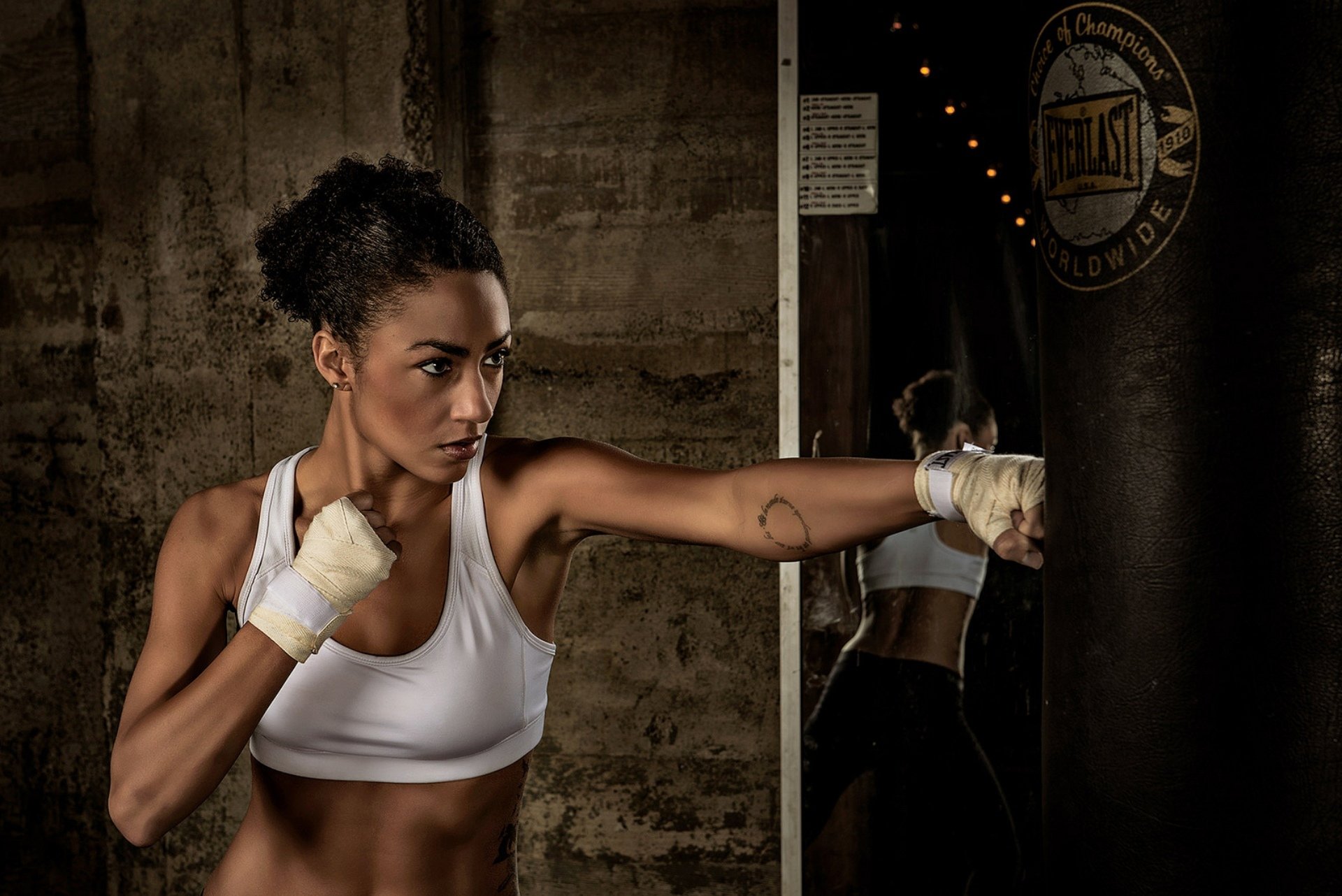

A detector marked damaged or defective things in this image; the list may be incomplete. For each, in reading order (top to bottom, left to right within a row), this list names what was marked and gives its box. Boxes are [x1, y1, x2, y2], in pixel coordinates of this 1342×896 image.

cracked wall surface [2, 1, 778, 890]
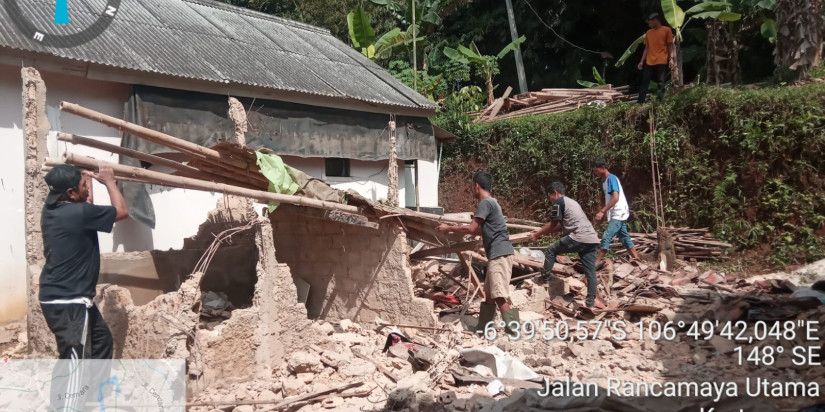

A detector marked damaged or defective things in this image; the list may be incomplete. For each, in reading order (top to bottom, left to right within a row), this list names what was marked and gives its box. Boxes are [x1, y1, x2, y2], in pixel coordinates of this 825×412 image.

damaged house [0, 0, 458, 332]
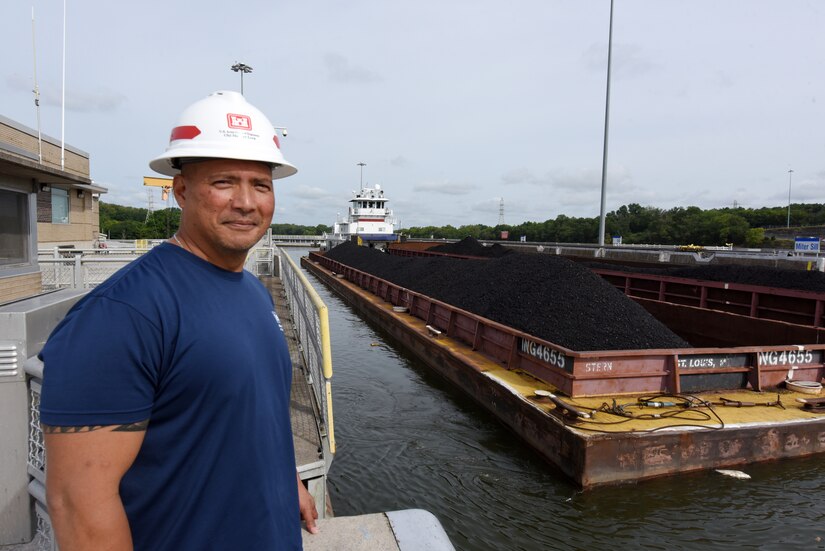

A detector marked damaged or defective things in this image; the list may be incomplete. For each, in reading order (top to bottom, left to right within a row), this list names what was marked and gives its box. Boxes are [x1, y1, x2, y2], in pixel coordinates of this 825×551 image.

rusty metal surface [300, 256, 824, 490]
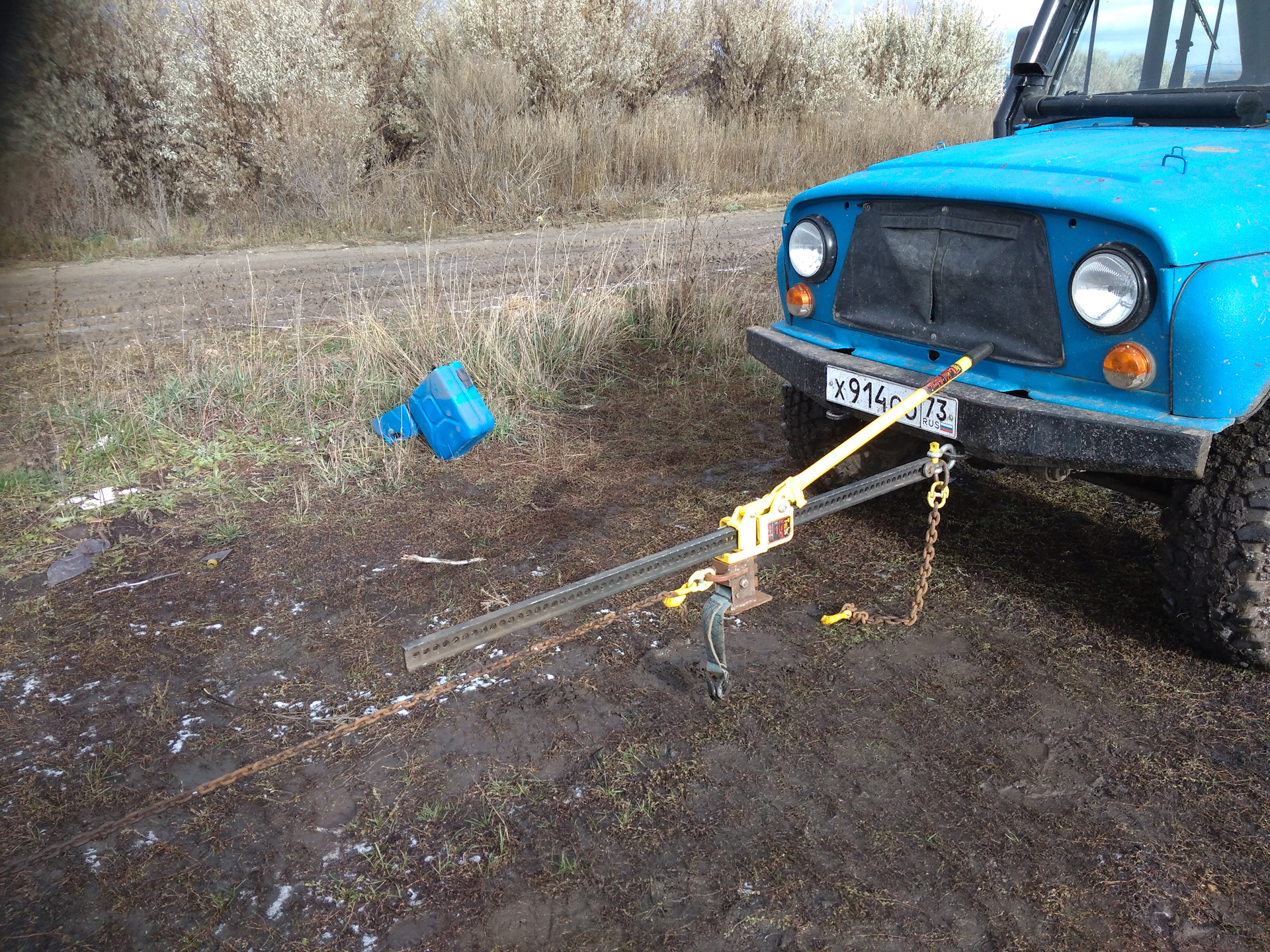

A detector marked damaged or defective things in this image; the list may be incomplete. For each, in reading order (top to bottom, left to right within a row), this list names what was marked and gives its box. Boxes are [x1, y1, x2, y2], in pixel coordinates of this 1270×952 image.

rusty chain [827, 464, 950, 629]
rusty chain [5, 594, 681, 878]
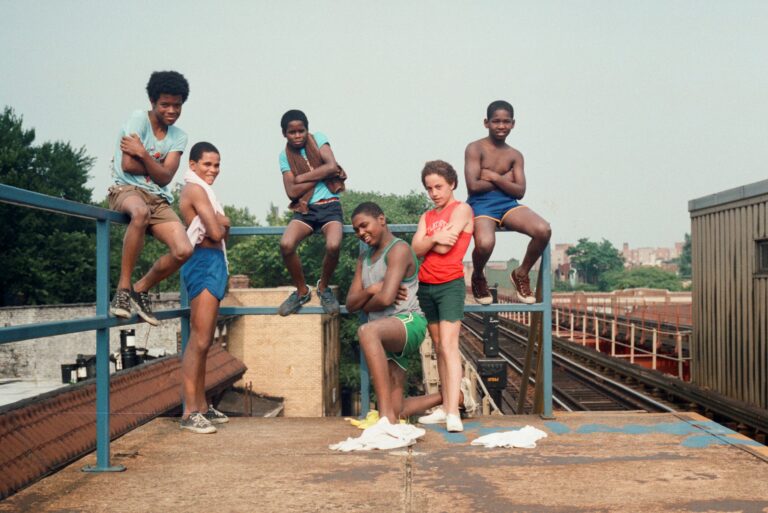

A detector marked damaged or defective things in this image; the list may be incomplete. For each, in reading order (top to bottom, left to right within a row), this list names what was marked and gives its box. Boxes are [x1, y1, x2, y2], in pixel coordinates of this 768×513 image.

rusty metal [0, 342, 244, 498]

# Assignment
Output only the lines that run from the line containing "this 1270×952 image." to the last line of the data, exactly as they stand and without pictures.

# Response
A detector marked damaged or defective things in this image; the list may be incomplete. For each, in reading order (top to bottom, left to right within a row), this list names what was marked and gives its box. Boxes are [x1, y1, x2, y2], in pixel coordinates of this 1270×952 image.

rusty chain [827, 464, 950, 629]
rusty chain [5, 594, 681, 878]

A detector marked damaged or defective things in this image; the list may be incomplete. For each, in reading order (top to bottom, left to right within a row), this list names what was marked and gives its box. Boxes are [x1, y1, x2, y2], in pixel coordinates of this 768×513 image.

rusty metal [0, 342, 244, 498]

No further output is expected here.